Dem kann ich immer noch nicht zustimmen. Gif taugt schon. Denn noch lange nicht jede Webgrafik ist ein Foto. Deine Signatur zum Beispiel dürfte auf 256 Farben kaum einen sichtbaren unterschied zu JPEG aufweisen.


----------



## bluemoon (1. Mai 2003)

Hi all,

hmm das mit dem vorladen wäre ne denkbare Option.

Und hmm 800kb scheint mir aber trotzdem viel .. 

tga sagt mir nix 

Also ich hab scho geschaut welches format beste Optimierung hergibt;
und naja für Grafiken bittet sich nach meinem Wissendstand gif an, erst bei aufwendigere Grafiken jpeg - auch wenn man das nicht pauschalisieren kann. Aber danke für n Tip.
Aber gif war in dem Fall kleiner als das jpeg bei gleicher Qualität ... .

Gibt es den z.Zt. kein Standardwert wie gross ein Site sein soll ??
- zum orientieren.

gruss
bluemoon

die welt ist doch echt ungerecht, einerseits kann man mit PS hammergeile Grafiken machen, aber sie nur schwer dem onlineuser verfügbar machen ohne extreme Wartzeiten ....


----------



## Jan Seifert (1. Mai 2003)

> _Original geschrieben von bluemoon _
> *Gibt es den z.Zt. kein Standardwert wie gross ein Site sein soll ??
> - zum orientieren.
> *


Ja, 50kb


----------



## Kurini (1. Mai 2003)

50 kb ? und was soll drauf text mit 4 farben ?! *hm smallb dein start bild alleine ist auch schon 44 kb gross *also ich denk mal der Bluemoon möchte den leuten was bieten denn er macht die hp ja schliesslich mit photoshop und nicht mit MS paint . Wer gute sites sehen will soll auch kurz warten können . Meine hp war wie meine kumpels bestätigten so um die 700-800 kb gross und mit isdn sau schnell geladen . Das war grad mal ne start seite , 50 kb fuer ne ganze homepage find ich lächerlich wenn man sie mit photoshop macht und sie aufwendige grafiken hat . Ich wuerd dir empfehlen erstmal alles ohne gif etc. zu machen bis die HP fertig ist , dann schauste wie gross alles ist uppst es solang es unter 1 mb ist auf nen webspace hoch und lässt es von nem isdn'ler testen und dann wirste sehen ob die grösse ok ist . Wenn sie zu gross ist nimmst du entweder gif oder komprimierst deine jpg oder was du benutzt auf die hälfte und schaust dann . Meiner meinung nach gibt es keine fest gesetzten standard , oder habt ihr ma das Buch : Die 11 gebote der website grössen gesehen ich nicht .


----------



## Tim C. (1. Mai 2003)

1) Kurini, ja das Buch haben wir.
2) Dein Tonfall ist zu tiefst arrogant während
3) deine Ausführungen nicht von allzu viel praktischer Erfahrung strotzen.


> die hp ja schliesslich mit photoshop und nicht mit MS paint


Die Größe der Bilddateien hab absolut überhaupt gar nichts mit dem Programm zu tun, mit dem sie erstellt werden.



> 700-800 kb gross und mit isdn sau schnell geladen


Die handelsübliche ISDN Leitung hat einen Downstream von 64kbit/s = 8kbyte/s.

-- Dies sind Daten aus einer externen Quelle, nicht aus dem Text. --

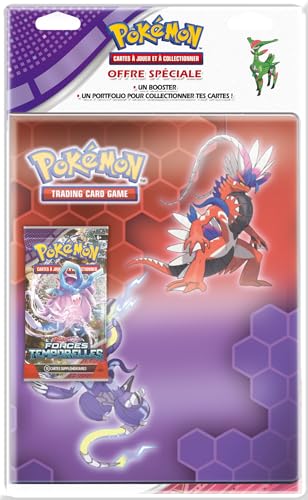 Pokémon - Ecarlate et Violet - Forces Temporelles (EV05) : Pack Portfolio + 1 Booster - Modèle aléatoire - Cartes à Collectionner - Accessoires pour Cartes à Collectionner - A Partir de 6 Ans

Ergo 100 Sekunden Ladezeit. Schnell find ich das nicht.



> alles ist uppst es solang es unter 1 mb ist


Das ist bei Gott nun wirklich nicht nötig. Wenn man von vorne herein auf eine saubere Weboptimierung achtet brauchen auch grafisch aufwendige Homepages auf der Grafikseite nicht viel mehr als 400kb an Volumen haben. 200kb reichen meist völlig aus. Dabei ist ein etwaiges Top-GFX meistens das größte an der ganzen Geschichte.

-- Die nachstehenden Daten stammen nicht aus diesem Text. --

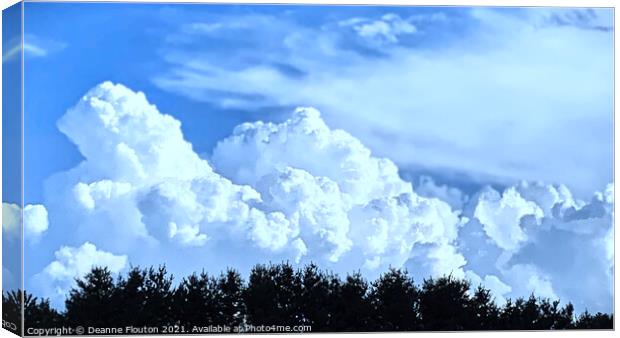 Convergence of Trees and Clouds Canvas Print by Deanne Flouton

In diesem Sinne so klein bleiben wie möglich und auch 50kb sind jetzt mal nur auf der grafischen Seite durchaus zu machen und dann muss die Page noch lange nicht langweilig aussehen.


----------



## Jan Seifert (1. Mai 2003)

kurni, eine seite 50kb, da sind nicht vier andere inbegriffen.
wenn er ein design macht, was im endeffekt bei jedem
laden 40kb kostet, kann er da noch einen halben
roman pro seite rein schreiben, um auf die 50kb
zu kommen.

im endeffekt ist es seine entscheidung, ob er den besuchern
langes laden zumuten will oder nicht.


----------



## bluemoon (1. Mai 2003)

Hi @ll,

also ich möchte, den Gästen schon was bieten aber sie auch nicht zu lange warten lassen.

Und Jungs : PEACE !

Ich denke das mit ISDN-geschwindikeit ist ein Wert an den man sich orientieren kann/soll.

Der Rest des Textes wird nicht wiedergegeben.